SEOUL, South Korea — North Korea said on Saturday that it had sentenced a South Korean Baptist missionary to a labor camp for life for allegedly trying to build underground churches in the country, where the government considers such religious activities an attempt to sabotage its rule.
The missionary, Kim Jong-uk, was also convicted of spying and other various “anti-state” crimes during a trial in Pyongyang on Friday, the North’s official Korean Central News Agency said on Saturday. A large crowd attended Mr. Kim’s trial, the report said.
The severe punishment of Mr. Kim, who has been held in the North since October, came a day after the country struck a conciliatory agreement with Japan. On Thursday, North Korea agreed to reopen an investigation into the fate of Japanese citizens it abducted in the 1970s and 1980s.
In return, Japan promised to lift some sanctions and consider humanitarian aid shipments once such the inquiry gets underway.
The Pyongyang-Tokyo breakthrough raised fears in Seoul that North Korea was trying to undermine Washington’s efforts to forge a united strategy with South Korea and Japan in confronting the North.

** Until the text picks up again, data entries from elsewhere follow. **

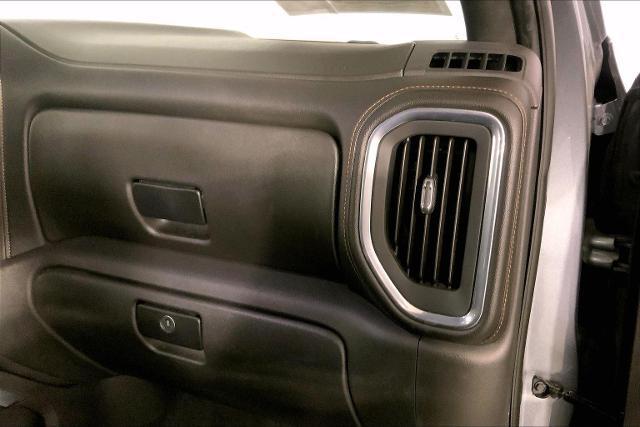 2021 GMC Sierra 1500 4WD Crew Cab Short Box AT4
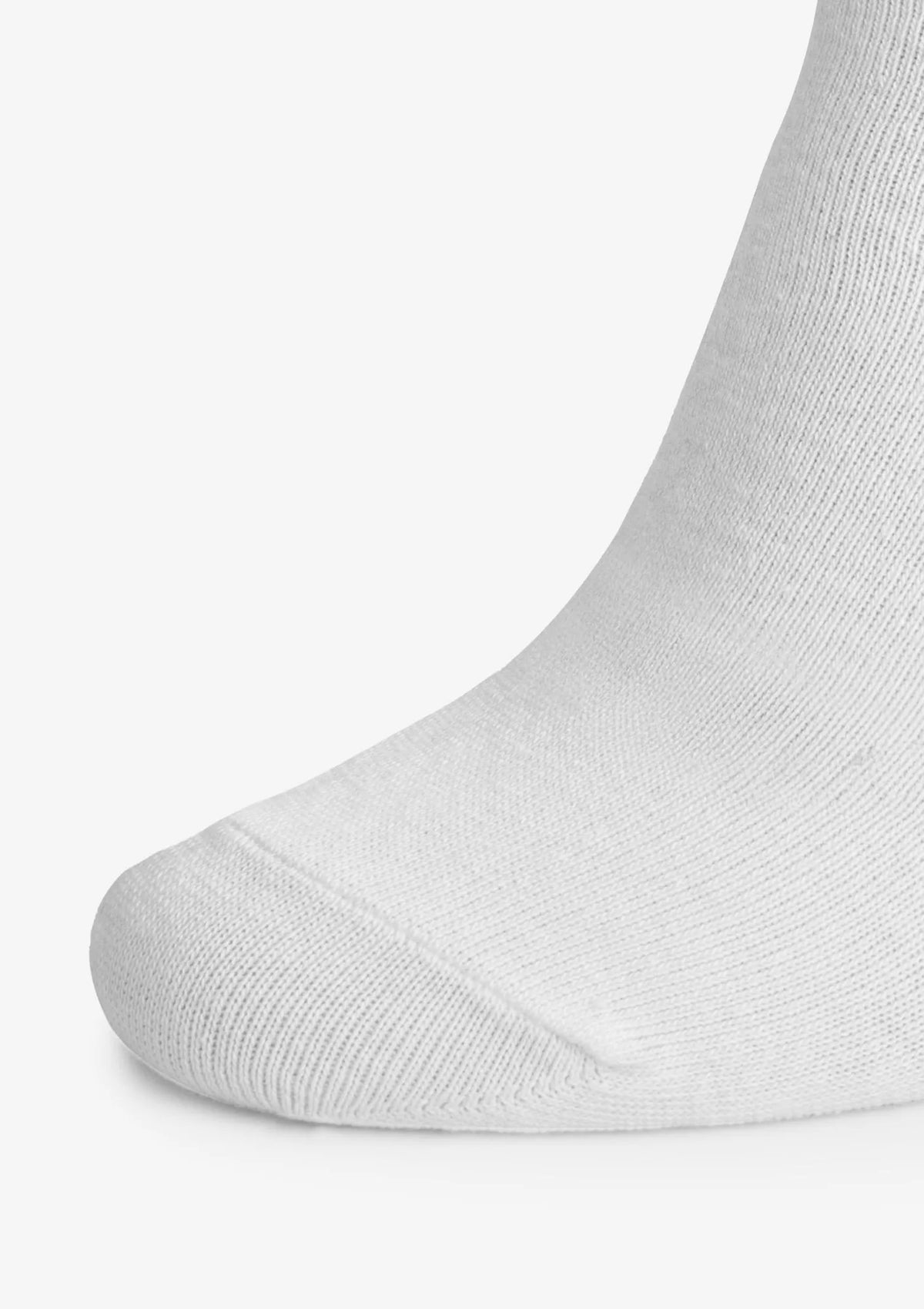Stopki białe unisex Sergio Tacchini 1001, sportowy 3-pak z bawełny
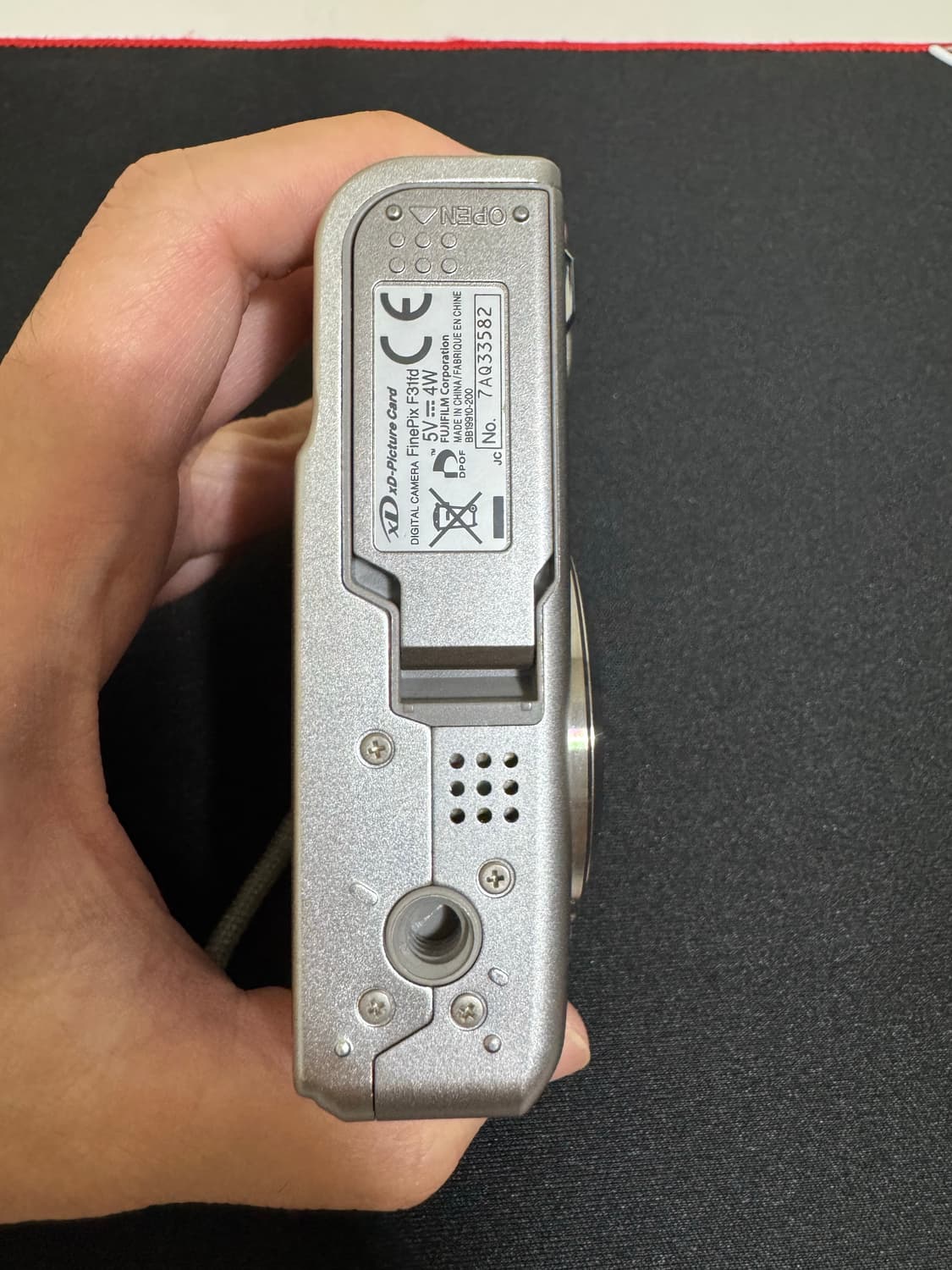 후지필름 파인픽스 F31fd 디카 상품이미지4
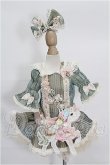 画像1: ROSENLIED/OF Holiday's Childサイズドレス S-26-10-25-325-YB-ZS (1)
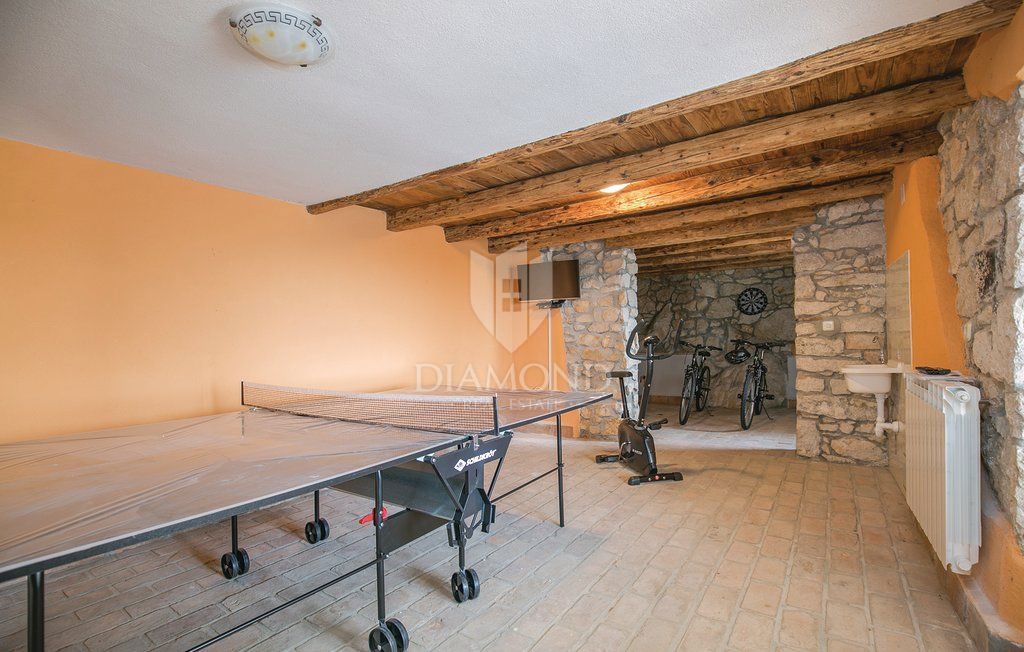 Labin, casa vacanze con vista mare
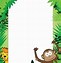 Image result for Free Jungle Border Clip Art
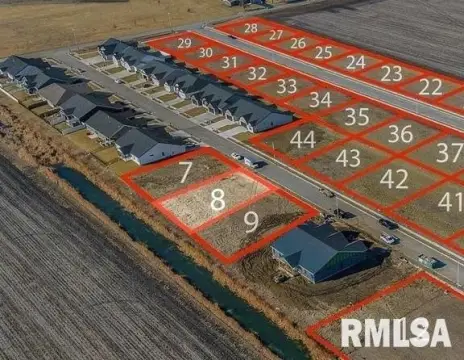 Residential Land in Centennial Pointe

The deal came as both Washington and Seoul have been refusing to engage the North in serious dialogue until the country took steps toward dismantling its nuclear weapons.
North Korea has recently lashed out at the hardline government in South Korea, calling its president, Park Geun-hye, “a dirty prostitute” beholden to the “pimp” Obama, the United States president.
Last Thursday, navy ships of North and South Korea exchanged artillery shells, though they did not hit each other.
The sentence against Mr. Kim was harsher than any that North Korea has given to a string of outside missionaries and activists who have been detained in the country in recent years.